Posted in Bibliographic references, Citations as First-Class Data Entities, Data publication, Open Citations | Tagged , , , , , , , , | Leave a comment

Coverage of open citation data approaches parity with Web of Science and Scopus

Guest blog post by Alberto Martín-Martín, Facultad de Comunicación y Documentación, Universidad de Granada, Spain <albertomartin@ugr.es>

In this post, as a contribution to Open Access Week, Alberto Martín-Martín shares his comparative analysis of COCI and other sources of open citation data with those from subscription services, and comments on their relative coverage.

Comprehensive bibliographic metadata is essential for the development of effective understanding and analysis across all phases of the research workflow. Commercial actors have historically filled the role of infrastructure providers of bibliographic and citation data, but their choice of subscription-based business models and/or restrictive user licenses has significantly limited how users and other parties can access, build upon, and redistribute the information available on those platforms. Locking bibliographic and citation metadata behind these barriers is problematic, as it hinders innovation and is an obstacle to reproducibility.

Fortunately, the process of digital transformation that scientific communication is currently undergoing is providing us with the tools to get closer to the ideal of science as a public good. One of the most successful initiatives in this area is Crossref, arguably the single most critical piece of research metadata infrastructure currently in existence. I consider the best thing about it to be its commitment to openness. Not only is Crossref responsible for minting many of the DOIs that are assigned to academic publications, but it also publishes metadata about these publications (for over 120+ million records in their latest public data file) without imposing any access or reuse limitations.

Crossref metadata has already boosted innovation in a variety of academic-oriented tools. New discovery services such as Dimensions, The Lens, and Scilit all take advantage of Crossref metadata to keep their indexes up to date with the latest publications. The open-source reference manager Zotero is able to pull metadata associated with a given DOI from Crossref’s servers, providing an easy way to populate one’s personal reference collection that is more reliable than using Google Scholar. The Unpaywall database uses Crossref metadata (among other data sources) to keep track of which documents are Open Access, and this data is in turn used by Unsub, a service that helps libraries make more informed decisions about their journal subscriptions.
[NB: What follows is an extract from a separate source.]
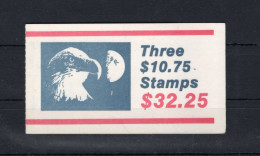 1985 Stati Uniti USA United States L141 Libretto 32,25$ MNH ** Aquila Testabianca, Alti Valori - 3. 1981-...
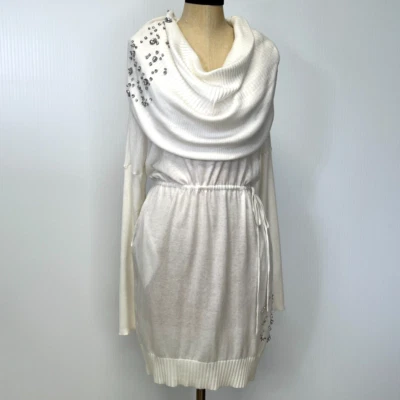 Victoria's Secret Dress Women Medium Stone Sparkle Sheath Cowl Work Party Core - Image 1 of 4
Historically, citation indexing has been a functionality available only from a few subscription-based data sources (most notably Web of Science and Scopus), or from free but largely restricted sources (e.g., Google Scholar). In recent years, however, commercial exclusivity over citation data has been waning. Digital publishing workflows make it easier for publishers to deposit the list of cited references along with the rest of the metadata when they register a new document in Crossref, and many are already doing it. Crossref’s policy is to make these lists of references publicly available by default, although publishers can elect to prevent their public release. From this, it follows that if most publishers deposited their reference lists in Crossref and consented to make them open, a comprehensive open citation index, one that is free of the restrictions present in traditional platforms, could be built.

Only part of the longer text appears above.